During COVID-19, Israeli Innovation Strikes Again

March 25, 2020

Since its inception, Israelis have embodied the concept that necessity is the mother of all invention. The entrepreneurial Israeli spirit has led to valuable contributions to address global challenges in science, technology and engineering. During this global crisis, the “Start-up Nation” continues to generate innovations that address the most pressing challenges.

COVID-19 has disrupted life around the globe and has uncovered many challenges in healthcare – including the need, here in the United States, for access to tests.  In the absence of those tests, and on a mission to gather more vital information about the virus, one Israeli company is utilizing its technology to help clinicians better understand the effects that the novel coronavirus is having on patients’ lungs.

Surgical Theater, co-founded by Israelis and based in Cleveland and Los Angeles, has harnessed expertise from the Israeli Air force to create a virtual flight simulator for brain surgeons.  The powerful technology allows doctors to practice their mission multiple times before ever touching their patients.  It has expanded to include multiple areas of the anatomy, including the thoracic region.

In the wake of the global pandemic, the team at Surgical Theater has been working with Dr. Keith Mortman, Director of Thoracic Surgery at George Washington University Hospital.  They have successfully rendered the first 360֯ Virtual Reality representation of COVID-19 infection from images of an actual patient’s lungs.

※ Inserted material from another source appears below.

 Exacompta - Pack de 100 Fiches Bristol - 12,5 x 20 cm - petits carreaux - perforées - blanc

The virtual model, built from a patient’s CAT-scan, reveals a stark contrast to more common pneumonic infections, where the geography of inflammation is often restricted to individual lobes of lung tissue, and usually only one lung at a time.  Covid-19, however, appears to attack multiple lobes, often bilaterally, and simultaneously.   You can see the virtual model at COVID19Lungs.

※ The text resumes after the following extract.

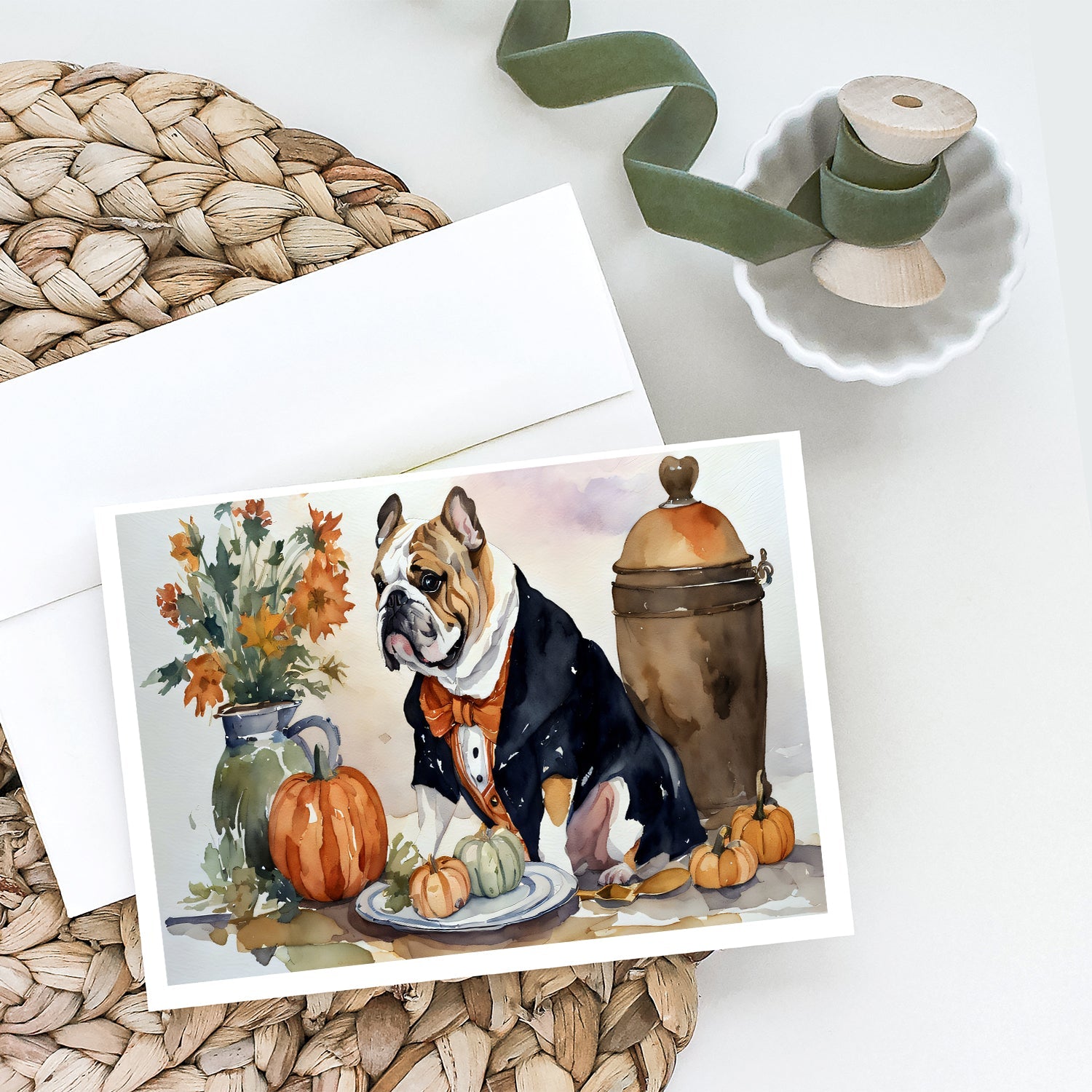 English Bulldog Fall Kitchen Pumpkins Greeting Cards Pack of 8 Blank Cards with Envelopes Whimsical A7 Size 5x7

“The information, rendered from an actual COVID-19 patient’s thoracic CAT-scan, provides specific data that can be vitally important for medical providers, as well as researchers, as we seek to achieve better comprehension of, and treatment modalities for this dangerous infection”, said Moty Avisar, CEO and Co-founder of Surgical Theater.  “Additionally, it can provide important visualization for patients and their families, allowing for greater understanding of the processes at play.”

“What you’re seeing in the video, essentially the blue part is the more normal lung, but anything you’re seeing that’s yellow is lung that’s being destroyed by the virus,” said Mortman. “One of the big problems is it’s really a one-two punch. So it starts with the initial insult from the virus, but then the body’s way of trying to contain it is by creating inflammation, by trying to surround it in a sense. So what you’re seeing in yellow is both viral infection as well as inflammation in the lungs. And it’s that one-two punch, that’s why far too many of these patients have trouble with their breathing or getting short of breath. And that’s a symptom that can come on quite rapidly to the point where some of these patients require hospital admission, being put on a breathing tube, or being put on a ventilator.”

Mortman feels the images hold a powerful message for members of the public.

“It’s really to educate them. So for those people out there who are still not heeding the warnings, not staying home, not taking precautions, not washing their hands – I really want them to be able to see this and understand the damage that’s being done to the lungs and the severity of the disease that this is causing. And why it’s so important that we all take these precautions,” he said. “This is really a community problem and it’s going to take a community effort to solve it.”

The immersive technology was recently featured during the Innovation Showcase at the AIPAC Policy Conference. Watch it here.

As the virus continues to disrupt daily life, we all need to find creative and innovative ways to deal with challenges old and new.  It is no surprise that a country with a reputation for being first responders for disaster relief, and whose national anthem “Hatikvah” literally to translates to the word “hope,” will continue to do what they do best.

Diana Judovits is the Chief Strategy Officer for EmergeCXO and Empower 360 Foundation.